Appellant insists that the case should be reversed because of an alleged defect in the indictment. The indictment is an ordinary indictment for burglary, under article 838, Penal Code; that is, it charges appellant with committing burglary of a certain house by force, with intent to steal. There is no description of the house. The proof showed that it was a crib or outhouse, and not a dwelling house. We take it that appellant's contention is that there should have been an allegation that said house was not a private residence to distinguish the indictment under this statute from an indictment under article 839a, which relates to the offense of burglary of a private residence by force, etc., at night. We have held that in order for an indictment to be good under that statute, it should allege the essential elements constituting burglary under the statute, among other things, that the burglarized house was a private residence, etc. Osborne v. State, 42 Tex.Crim. Rep.; 2 Texas Ct. Rep., 172; Williams v. State, 2 Texas Ct. Rep., 359. But we have never held that an indictment charging burglary of a house, other than a private residence, should negative the fact that such a house was not a private residence. In the view we take of this question, it is not necessary under an indictment for the burglary of a house, other than a private residence at night, to allege that such house was not a private residence. We do not believe there is anything in said articles requiring this character of pleading. We hold that the indictment is good.
It is further assigned as error that the charge of the court on recent possession, in connection with the explanation was not authorized by the evidence and was upon the weight of the testimony. We think both contentions are well taken. In the charge complained of the *Page 314 court in effect authorized the jury to find defendant guilty of burglary if he was found in the actual, exclusive and conscious possession of property taken from the alleged burglarized house; and if he failed to make an explanation of the same, or one which reasonably accounted for his possession in a manner consistent with his innocence.
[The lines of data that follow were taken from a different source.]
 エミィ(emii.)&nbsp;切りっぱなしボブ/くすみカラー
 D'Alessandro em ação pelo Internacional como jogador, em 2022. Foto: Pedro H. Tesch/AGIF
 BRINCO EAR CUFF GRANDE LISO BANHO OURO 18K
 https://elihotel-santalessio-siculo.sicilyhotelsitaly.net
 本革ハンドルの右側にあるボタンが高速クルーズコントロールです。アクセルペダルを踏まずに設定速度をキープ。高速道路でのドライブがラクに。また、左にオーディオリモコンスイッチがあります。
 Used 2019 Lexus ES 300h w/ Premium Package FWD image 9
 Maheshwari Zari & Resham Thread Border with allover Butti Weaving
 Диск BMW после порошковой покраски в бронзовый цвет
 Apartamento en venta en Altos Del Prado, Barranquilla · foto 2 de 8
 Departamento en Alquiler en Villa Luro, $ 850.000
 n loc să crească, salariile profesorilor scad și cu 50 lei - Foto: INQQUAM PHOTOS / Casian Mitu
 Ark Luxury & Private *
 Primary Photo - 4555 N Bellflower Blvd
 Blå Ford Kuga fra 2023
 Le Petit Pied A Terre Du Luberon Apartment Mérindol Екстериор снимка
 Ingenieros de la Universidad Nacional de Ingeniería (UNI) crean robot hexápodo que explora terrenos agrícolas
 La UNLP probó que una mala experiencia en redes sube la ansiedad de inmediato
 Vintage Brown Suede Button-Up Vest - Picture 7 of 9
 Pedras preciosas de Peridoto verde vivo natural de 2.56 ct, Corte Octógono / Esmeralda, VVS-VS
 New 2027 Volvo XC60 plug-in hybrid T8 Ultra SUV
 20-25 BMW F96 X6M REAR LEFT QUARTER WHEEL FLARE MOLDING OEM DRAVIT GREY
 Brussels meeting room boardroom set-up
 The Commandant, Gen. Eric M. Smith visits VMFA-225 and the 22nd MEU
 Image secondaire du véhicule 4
This character of charge has frequently been condemned by this court. Pace v. State, 31 S.W. Rep., 173; Wheeler v. State, 34 Tex.Crim. Rep.. We further believe that the testimony did not call for a charge on this subject. A charge on recent possession is not necessary, unless appellant gave an explanation of his possession, when found in such possession. This charge is given on behalf of defendant. In this case appellant gave no explanation whatever. Nor was there any evidence that the property when found in the house was in his exclusive conscious possession. Evidently this was the occasion referred to by the court in its charge.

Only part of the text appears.